SALES AND COMPENSATING (USE) TAX - LICENSING
AGREEMENTS WHICH GIVE RADIO AND TELEVISION
STATIONS THE RIGHT TO BROADCAST FILMS, TAPES,
RECORDS AND TRANSCRIPTIONS.
Advice has been requested as to the applicability of Kansas compensating tax to licensing agreements by which radio and television stations obtain the right to broadcast films, tapes, records and transcriptions in light of the rejection by the Kansas Legislature of an amendment to K.S.A. 1980 Supp. 79-3603 specifically imposing sales tax thereon.

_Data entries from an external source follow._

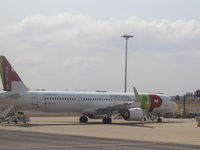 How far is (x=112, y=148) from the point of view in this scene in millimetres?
24797

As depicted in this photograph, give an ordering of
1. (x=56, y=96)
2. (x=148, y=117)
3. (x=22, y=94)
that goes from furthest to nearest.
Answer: (x=148, y=117) → (x=56, y=96) → (x=22, y=94)

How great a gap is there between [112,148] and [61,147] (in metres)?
2.89

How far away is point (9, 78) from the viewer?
49.4 m

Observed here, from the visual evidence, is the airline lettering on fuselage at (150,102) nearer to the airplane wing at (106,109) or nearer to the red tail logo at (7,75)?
the airplane wing at (106,109)

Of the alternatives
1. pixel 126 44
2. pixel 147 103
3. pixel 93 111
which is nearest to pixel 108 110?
pixel 93 111

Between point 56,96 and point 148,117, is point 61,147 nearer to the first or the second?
point 56,96

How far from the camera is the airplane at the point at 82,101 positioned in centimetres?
→ 4947

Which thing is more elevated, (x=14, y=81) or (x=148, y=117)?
(x=14, y=81)

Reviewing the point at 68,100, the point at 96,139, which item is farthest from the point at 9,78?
the point at 96,139

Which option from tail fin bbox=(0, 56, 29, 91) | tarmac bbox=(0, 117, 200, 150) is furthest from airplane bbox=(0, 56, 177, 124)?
tarmac bbox=(0, 117, 200, 150)

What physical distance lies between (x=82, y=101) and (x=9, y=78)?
1020 centimetres

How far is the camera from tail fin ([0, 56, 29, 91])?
49375 mm

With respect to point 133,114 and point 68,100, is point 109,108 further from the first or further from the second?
point 68,100

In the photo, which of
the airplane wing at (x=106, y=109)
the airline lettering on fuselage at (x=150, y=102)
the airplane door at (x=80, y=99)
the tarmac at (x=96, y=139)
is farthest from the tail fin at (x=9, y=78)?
the airline lettering on fuselage at (x=150, y=102) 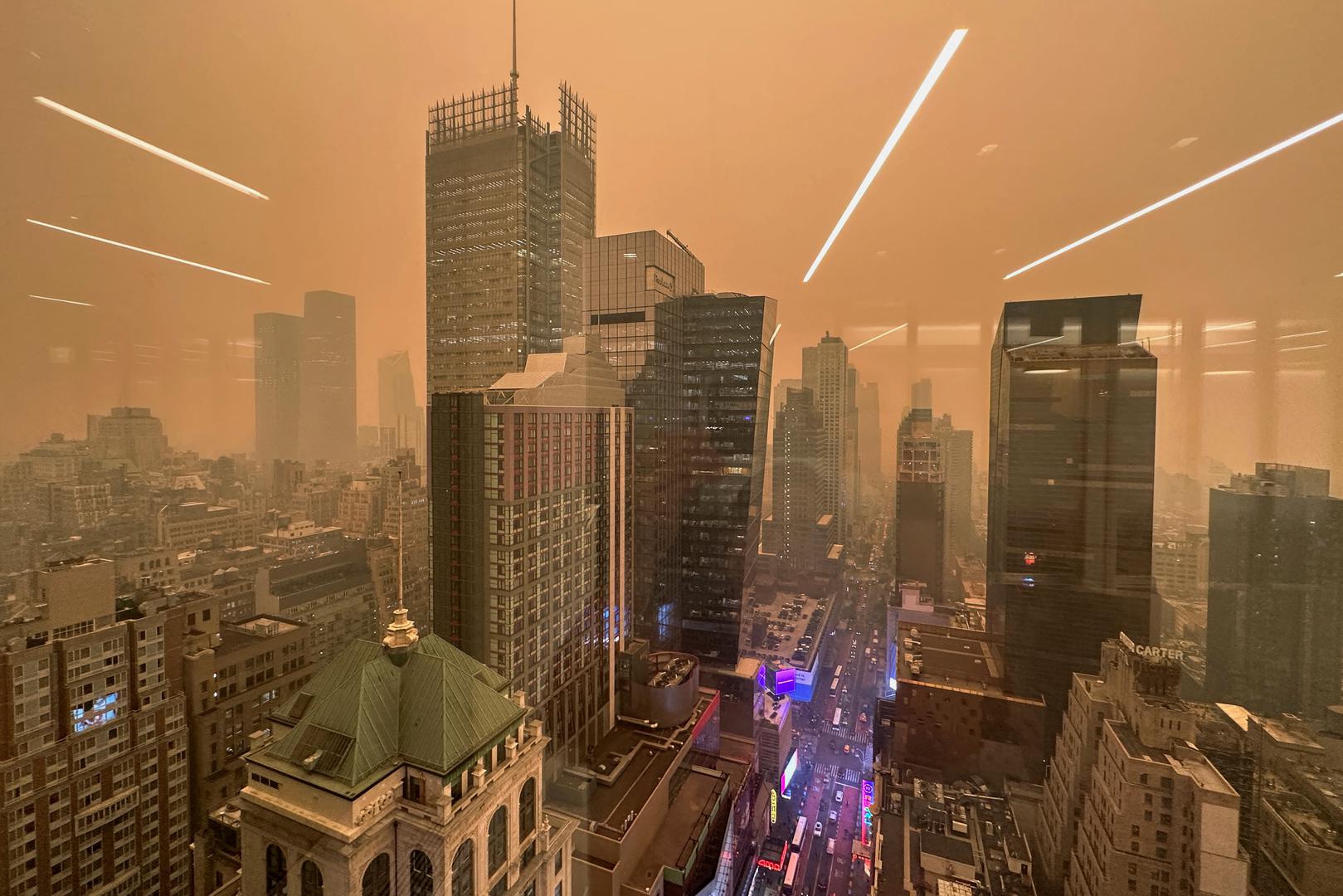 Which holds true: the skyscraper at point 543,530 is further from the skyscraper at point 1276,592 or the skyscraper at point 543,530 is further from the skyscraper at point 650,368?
the skyscraper at point 1276,592

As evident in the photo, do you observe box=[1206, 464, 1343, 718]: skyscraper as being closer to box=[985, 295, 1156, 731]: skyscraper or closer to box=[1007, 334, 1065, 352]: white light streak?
box=[985, 295, 1156, 731]: skyscraper

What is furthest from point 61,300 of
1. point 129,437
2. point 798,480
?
point 798,480

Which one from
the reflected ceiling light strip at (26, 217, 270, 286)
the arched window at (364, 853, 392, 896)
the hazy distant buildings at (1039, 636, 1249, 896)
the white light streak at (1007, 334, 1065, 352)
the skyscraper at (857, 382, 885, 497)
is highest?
the white light streak at (1007, 334, 1065, 352)

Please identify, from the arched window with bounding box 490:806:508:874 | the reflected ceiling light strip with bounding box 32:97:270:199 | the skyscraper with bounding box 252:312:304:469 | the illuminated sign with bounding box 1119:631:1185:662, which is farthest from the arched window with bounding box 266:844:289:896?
the illuminated sign with bounding box 1119:631:1185:662

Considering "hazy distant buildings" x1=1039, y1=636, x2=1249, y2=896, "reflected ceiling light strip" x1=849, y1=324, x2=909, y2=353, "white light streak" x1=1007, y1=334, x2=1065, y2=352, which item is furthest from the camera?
"reflected ceiling light strip" x1=849, y1=324, x2=909, y2=353

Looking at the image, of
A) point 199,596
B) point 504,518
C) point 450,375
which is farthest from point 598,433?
point 199,596

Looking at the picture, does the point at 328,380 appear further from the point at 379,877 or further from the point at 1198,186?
the point at 1198,186

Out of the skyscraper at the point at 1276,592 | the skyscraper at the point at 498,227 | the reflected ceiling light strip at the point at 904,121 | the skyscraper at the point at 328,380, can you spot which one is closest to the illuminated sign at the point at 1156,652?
the skyscraper at the point at 1276,592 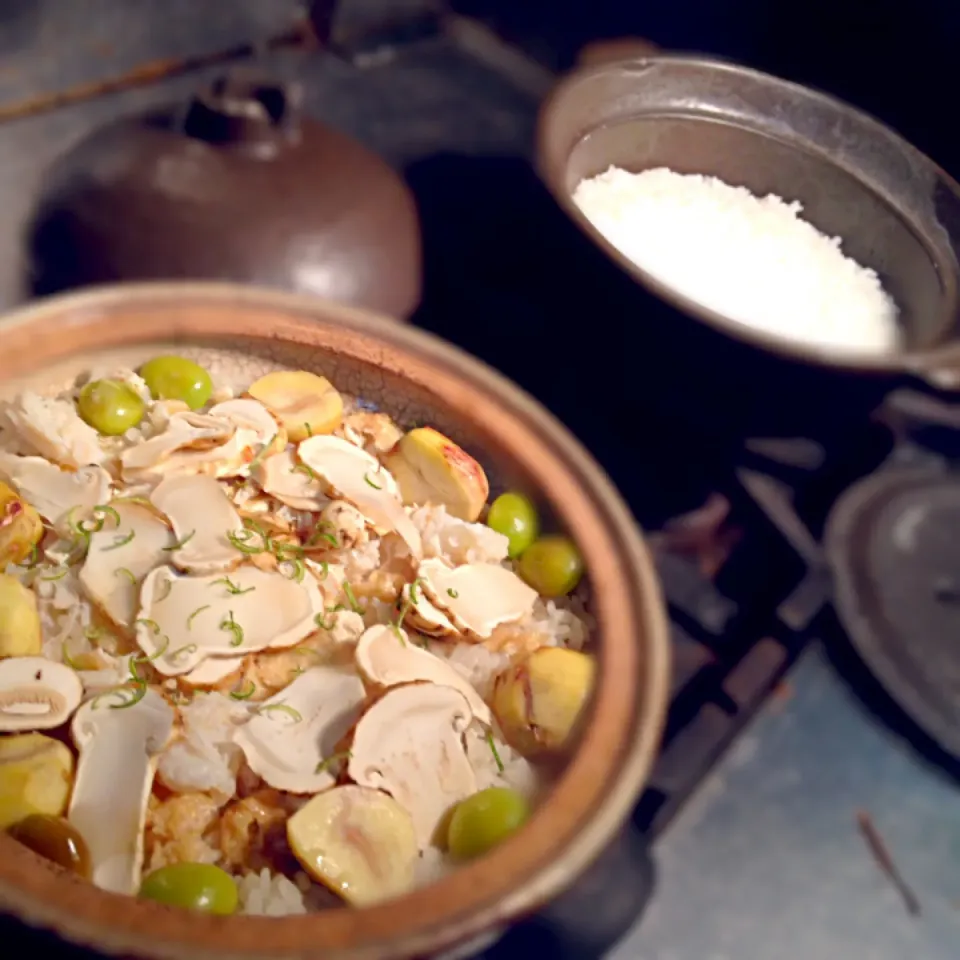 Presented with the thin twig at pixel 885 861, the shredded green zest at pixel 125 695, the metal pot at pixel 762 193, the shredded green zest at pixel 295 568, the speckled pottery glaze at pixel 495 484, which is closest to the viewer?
the speckled pottery glaze at pixel 495 484

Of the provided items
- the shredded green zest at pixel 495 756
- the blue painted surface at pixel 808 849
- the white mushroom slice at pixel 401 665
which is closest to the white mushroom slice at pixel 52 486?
the white mushroom slice at pixel 401 665

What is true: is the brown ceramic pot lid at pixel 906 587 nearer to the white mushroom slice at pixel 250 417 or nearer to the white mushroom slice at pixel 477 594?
the white mushroom slice at pixel 477 594

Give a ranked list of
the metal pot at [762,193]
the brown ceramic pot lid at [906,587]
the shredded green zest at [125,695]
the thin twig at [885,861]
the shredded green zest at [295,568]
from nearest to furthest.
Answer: the shredded green zest at [125,695] < the shredded green zest at [295,568] < the metal pot at [762,193] < the thin twig at [885,861] < the brown ceramic pot lid at [906,587]

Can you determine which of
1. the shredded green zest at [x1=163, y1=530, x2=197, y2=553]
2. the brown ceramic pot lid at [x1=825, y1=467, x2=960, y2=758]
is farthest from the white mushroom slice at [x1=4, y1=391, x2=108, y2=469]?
the brown ceramic pot lid at [x1=825, y1=467, x2=960, y2=758]

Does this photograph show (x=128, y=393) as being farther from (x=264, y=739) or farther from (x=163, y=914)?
(x=163, y=914)

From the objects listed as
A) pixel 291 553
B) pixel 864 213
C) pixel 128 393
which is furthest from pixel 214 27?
pixel 291 553

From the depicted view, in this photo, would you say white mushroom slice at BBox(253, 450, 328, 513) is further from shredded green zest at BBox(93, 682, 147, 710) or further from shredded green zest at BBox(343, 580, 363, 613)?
shredded green zest at BBox(93, 682, 147, 710)

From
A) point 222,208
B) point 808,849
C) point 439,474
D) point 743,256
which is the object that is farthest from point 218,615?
point 743,256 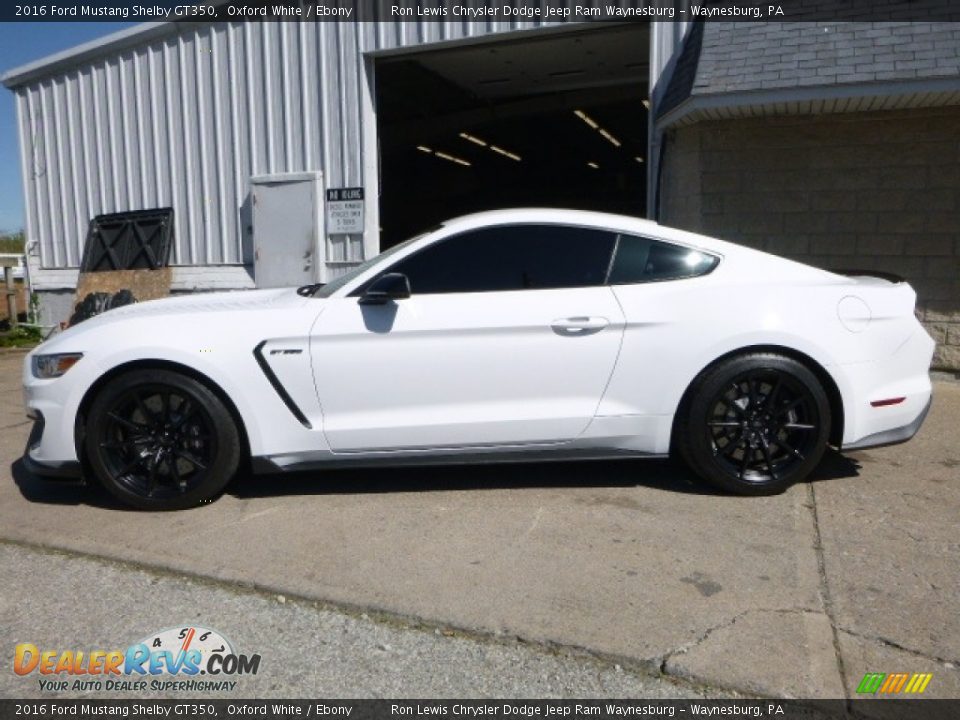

Of paramount concern to the resolution of this inquiry is whether the subject of the licensing agreement is tangible or intangible personal property. Language of the existing Kansas statutes gives little guidance. K.S.A. 1980 Supp. 79-3603(a) imposes a tax "_ upon the gross receipts received from the sale of tangible personal property at retail within this state". K.S.A. 79-3703 provides a tax for the "privilege of using _ within this state any article of tangible personal property". K.S.A. 79-3702(c ) defines "use" as the exercise "_of any right or power over tangible personal property incident to the ownership of that property". K.S.A. 1980 Supp. 79-3602(f) defines "tangible personal property" as "corporal personal property".
Construction of a statute and its application to a given situation are matters of law for judicial determination. (Brookover Feed yards, Inc. v. Carlton, 213 Kan. 684, 518 P.2d 470). The first rule of statutory construction is to ascertain, if possible, the intent of the legislature. (Nordstrom v. City of Topeka, 228 Kan. 336, 613 P.2d 1371.) (State ex rel. Sanborn v. Unified School Dist. 359, 218 Kan. 47, 542 p.2d 664.) Historical background, legislative proceedings and changes made in a proposed law during the course of its enactment may properly be considered _ in determining legislative intent (City of Manhattan v. Ericksen, 204 Kan. 150, 460 P.2d 622.) The rejection by the legislature of a specific provision contained in a proposed enactment is persuasive to the conclusion that the act should not be so construed as in effect to include that provision, at least where there is not basis for the assumption that the words omitted were surplusage. (City of Manhattan v. Ericksen, supra.)
In Revenue Ruling 19-79-12, the Secretary of Revenue ruled that payments made under such licensing agreements give the license both the right to broadcast copyrighted material and the right to temporarily use the tangible personal property, and that the tax should be imposed only upon that portion of the total charge or value attributable to the use of the tangible personal property, notwithstanding a substantial body of case law from other jurisdictions indicating a marked trend for the proposition that such films and other articles are finished products which are the subject of the leasing transaction and which are subject to sales and use taxation. After consideration of these case authorities Department of Revenue officials testified before the 1980 Special Committee on Assessment and Taxation of their decision to revoke Revenue Ruling 19-78-12 and impose the tax on the entire receipts from such licensing agreements. In response the Special Committee recommended that House Bill No. 2008 be introduced in the 1981 Session of the Kansas Legislature specifically imposing the tax on the total gross receipts from such transactions along with other amendments not pertinent here.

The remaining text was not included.